Source:Jason Goldberg

Compiled by@OdailyChina; Translated by Azuma (@azuma_eth)

We deployed 22 autonomous trading AI Agents on Hyperliquid via Senpi, each configured with $1000 in real capital.

They operate 24/7 — scanning markets, opening positions, setting trailing stops, managing risk — with zero human intervention.

After deploying $22,000 in initial capital and executing over 5000 trades, here are our key takeaways.

General Conclusion

"Fewer trades" plus "higher conviction" always equals "better results." This isn't an occasional occurrence; it holds true every single time.

  • Odaily Note: Fox, Bison, Ghost Fox, and Grizzly, Viper, Mamba, Anaconda mentioned later are all names of Agents executing different strategies.

As shown above, Agent "Fox" and Agent "Ghost Fox" use the same scanner. Fox selectively executes only some of its signals, while Ghost Fox executes many more. The result? A 56 percentage point gap in ROI.

The real edge isn't in the scanner itself, but in the discipline to wait for the right signal.

  • All Agents with over 400 trades suffered significant losses.
  • All Agents with under 120 trades were profitable.

More trades don't mean more opportunities — they mean more noise trades, more fees, and more exposure to noise risk.

Profits Follow a "Power Law" Distribution

Among our best-performing Agents, 3–5 trades accounted for all profits, while the rest were quickly stopped out after small losses.

Taking Fox as an example again: its three best trades (ZEC, TRUMP, FARTCOIN) combined for over $350 in profit; the other 46 trades combined for over $100 in losses; the final result was a net profit of about $248.

This is entirely by design. Our strategy: enter decisively with high conviction, cut losses quickly within minutes, let winning positions run, and lock in some peak profits via the DSL High Water trailing stop strategy. When the average win is 10 times the average loss, you can be profitable even with a win rate as low as 43%.

Agents that tried to maintain a high win rate through "safe" trades all lost money — because each trade aiming for tiny profits still incurred fees and market risk.

Secret Weapon: Hyperfeed

Fox and other consistently performing Agents are built on Senpi's Hyperfeed.

Hyperfeed is a real-time tracking system that shows which assets all traders on Hyperliquid are currently making money on. It's not a historical ranking or other lagging indicator; it's what's happening across the entire exchange right now.

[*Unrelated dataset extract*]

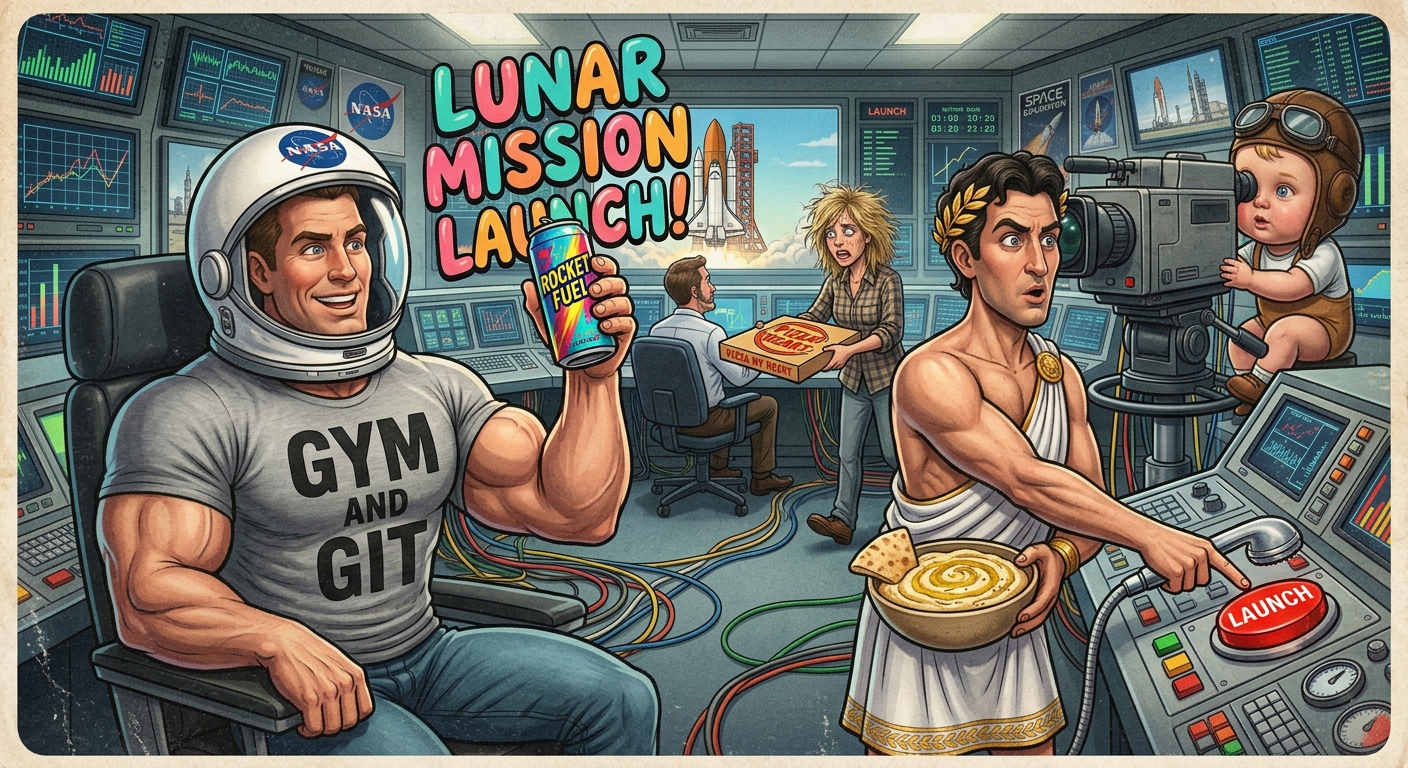Matt prepares for a lunar mission with rocket fuel while Alex handles the launch controls and Baby Curtis operates a television camera.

Our core scanner, Emerging Movers, reads Hyperfeed's market concentration data every 90 seconds. When smart money suddenly rotates into an asset — for example, a trader jumps at least 15 spots on the leaderboard, profit contribution velocity spikes, or multiple top traders simultaneously concentrate on the same position — the scanner can capture the signal before the move is fully priced in.

This is the structural advantage of building strategies on Hyperliquid via Senpi. You can see where top traders' profits are concentrating in real-time and act immediately. No other exchange offers this visibility, and no other platform allows autonomous Agents to act on it.

All our best-performing Agents use this type of data:

  • Fox / Vixen: Identify sudden smart money concentration into an asset via Emerging Movers;
  • Grizzly: Analyze smart money positions on BTC via Hyperfeed before opening a trade;
  • Bison: Uses smart money direction as a hard filter — won't trade if the direction is opposite;

While the worst-performing Agents:

  • Completely ignored smart money signals, e.g., Viper, Mamba based purely on technical analysis;
  • Used outdated smart money data (Scorpion v1), treating months-old positions as new signals;

So the conclusion is crystal clear: Agents trading based on real-time Hyperfeed data comprehensively outperformed all purely technical strategies.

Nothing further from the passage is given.